One of the things a veteran must show in order to win a claim for disability benefits is that they currently suffer from a disability. In order to do so, the veteran must submit “competent” evidence to the VA. This means that the veteran cannot simply say “I have a knee condition” and present no further evidence. In fact, because of the medical issues involved with a claim for benefits, this really means that the veteran must submit medical evidence to the VA. The VA calls this “competent medical evidence” which is defined as:
“Evidence provided by a person who is qualified through education, training, or experience to offer medical diagnoses, statements, or opinions. Competent medical evidence may also include statements conveying sound medical principles found in medical treatises. It would also include statements contained in authoritative writings such as medical and scientific articles and research reports or analyses.”
Examples of what qualifies as competent medical evidence include: private medical records of recent treatment or examinations, letters or written statements from doctors, and, if recently discharged, service medical records. In almost all cases, competent medical evidence will require that a veteran have a diagnosis from a medical professional or someone who has specialized knowledge giving them the authority to make a diagnosis. For example, a veteran who has no medical expertise cannot diagnosis himself with diabetes. However, if the veteran is suffering from a condition that is obvious (for example, varicose veins) they can use observations from people that are not medical professionals.

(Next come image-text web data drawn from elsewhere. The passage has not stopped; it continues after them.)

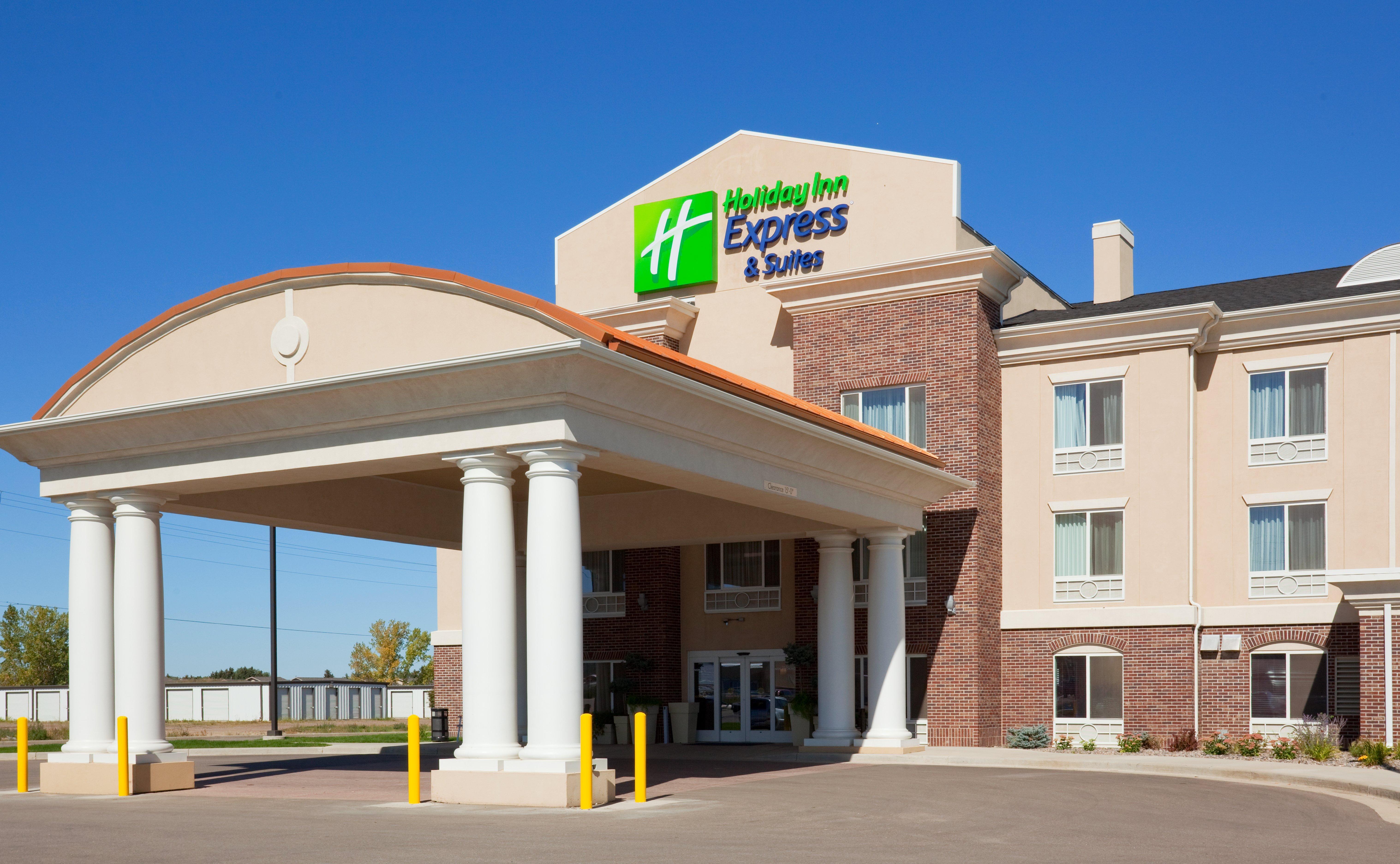 Holiday Inn Express Hotel & Suites Minot South By Ihg Exterior foto
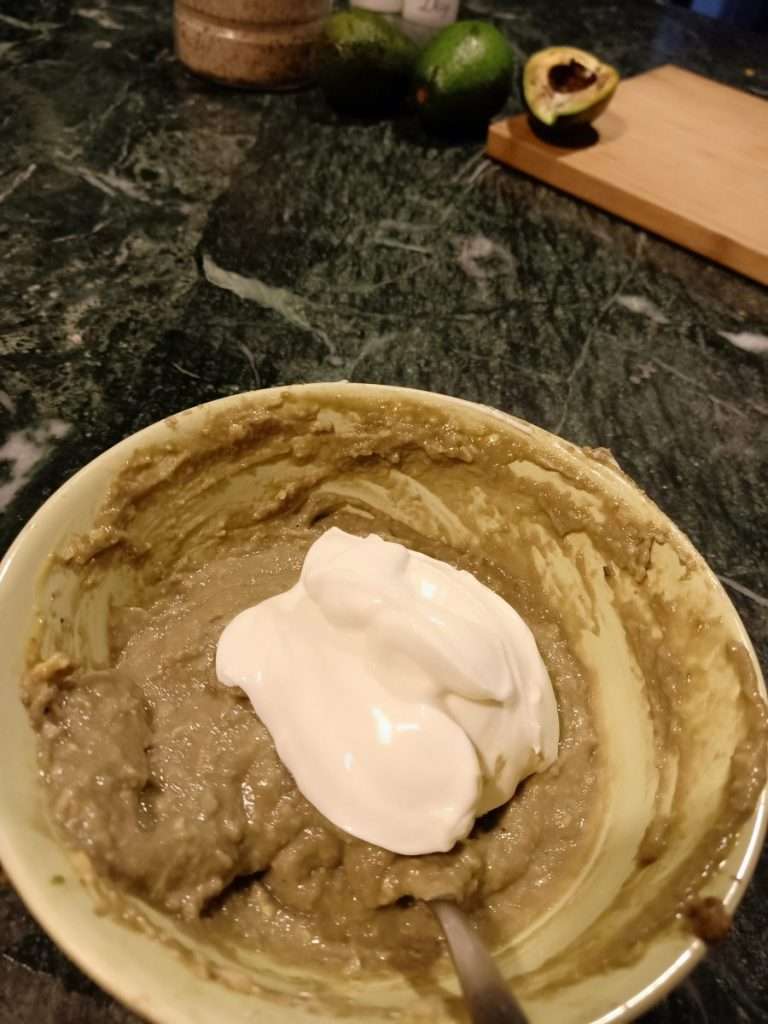 كيك الأفوكادو الصحّية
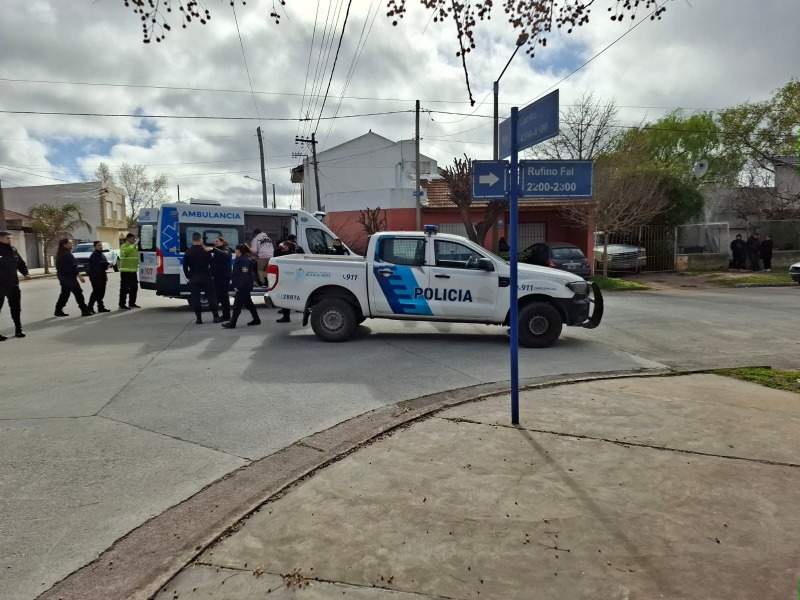 Un hombre result� herido de bala tras enfrentarse con la Polic�a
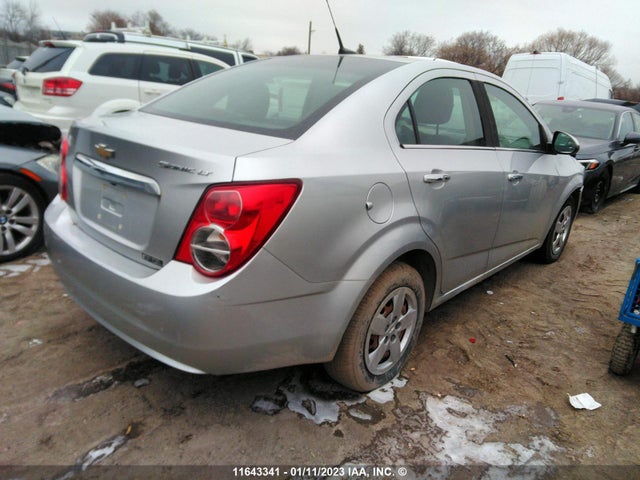 Chevrolet SONIC LT 2014 1G1JC5EH3E4170210 Image 4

It is important to note that the VA’s duty to assist a veteran comes into play here, and may require the VA to provide a medical exam for the veteran. The VA can only refuse to provide a veteran with a medical exam if; the disability claimed by the veteran is clearly false, or if the VA feels that there are already records on file that relate to the veteran’s claimed disability. If a VA doctor does not find that a current disability exists, the veteran may still submit an opinion from their personal doctor that says the veteran is suffering from a current disability. Veterans should keep in mind that although they must have competent medical evidence to ultimately win their case, they do not have to provide competent medical evidence in order to trigger the VA’s duty to assist. This means that a veteran can use statements from family and friends to show that they are suffering from continuous or repetitive symptoms of a disability instead of having to use a medical professional’s opinion.